Ponieważ Fiora najwidoczniej nie rozumiała jej słów, Joanna dodała z tym swoim pięknym uśmiechem, dzięki któremu zapominało się o jej brzydocie:

- Właśnie udowodniłaś, że można być jednocześnie piękną jak poranek i głęboko nieszczęśliwą. Kiedy będę miała ochotę się skarżyć, pomyślę o tobie!

Położyła na chwilę drobną dłoń, delikatną jak łapka ptaszka, na ręce Fiory, która niemal przyklęknęła w ukłonie, i wziąwszy pod ramię madame de Linieres, skierowała się w stronę dziedzińca, należycie uhonorowana przez straże przy wyjściu. Fiora ujrzała, jak zmierza do kaplicy poświęconej NotreDame de Clery, do której weszła.

- Kiedy się myśli o księżniczce - powiedział Florent, śledzący ją wzrokiem - zawsze nasuwa się obraz wysokiej i pięknej damy, wspaniale przyodzianej i pełnej wdzięku. Nie wyobrażałem sobie, że król może mieć tak okropną córkę.

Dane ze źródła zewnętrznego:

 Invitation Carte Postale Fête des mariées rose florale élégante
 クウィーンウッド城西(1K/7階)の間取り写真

- Zamilcz! Nie wiesz, co mówisz! Okropną? Z tym świetlistym spojrzeniem, z tym uśmiechem, który zdaje się mieścić w sobie całą słodycz świata? Jestem pewna, że Bóg ma inne zdanie niż ty. Wracajmy!

Leonarda i Petronela wyczekiwały na jej powrót w tym samym miejscu, w którym asystowały przy jej odjeździe. Kiedy się dowiedziały, że Fiora nie mogła zobaczyć się z królem, obie z największym trudem ukryły uczucie ulgi. Kilka dni to niewiele, ale zawsze jakieś odroczenie. A jakże podnoszące na duchu było to spotkanie z młodą księżną Orleanu! Fiora obiecała odłożenie swoich zamiarów do chwili, aż ona wyrazi na to zgodę, da jej sygnał. Leonarda odzyskała nadzieję.

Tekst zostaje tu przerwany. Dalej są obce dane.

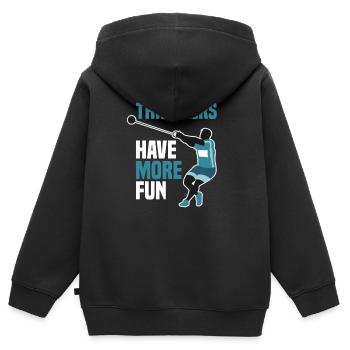 Athlétisme - Sweat Premium à capuche zippé enfant bio - noir - Dos - AI Model Kid Male (0cm)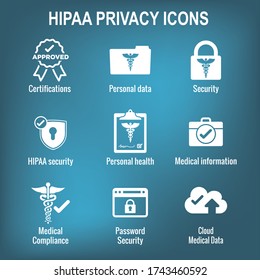 HIPAA Compliance icon set w hippa image involving medical privacy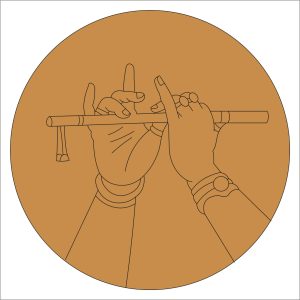 Krishna Flute Pre Marked Round Base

- Coś mi mówi, że nieprędko opuścimy ten drogi mi dom - zwierzyła się Petroneli. - Mam wielką nadzieję, że nasz pan będzie umiał przekonać Fiorę, żeby nie wyjeżdżała, i że spędzimy razem najcudowniejszą zimę.

- Tak sądzisz?

- Tak, tak uważam. Najbardziej obawiałam się tego, że nasza młoda pani ściągnie na siebie gniew i urazę króla. Teraz myślę, że sprawy potoczą się po naszej myśli i że zostaniemy wszyscy razem.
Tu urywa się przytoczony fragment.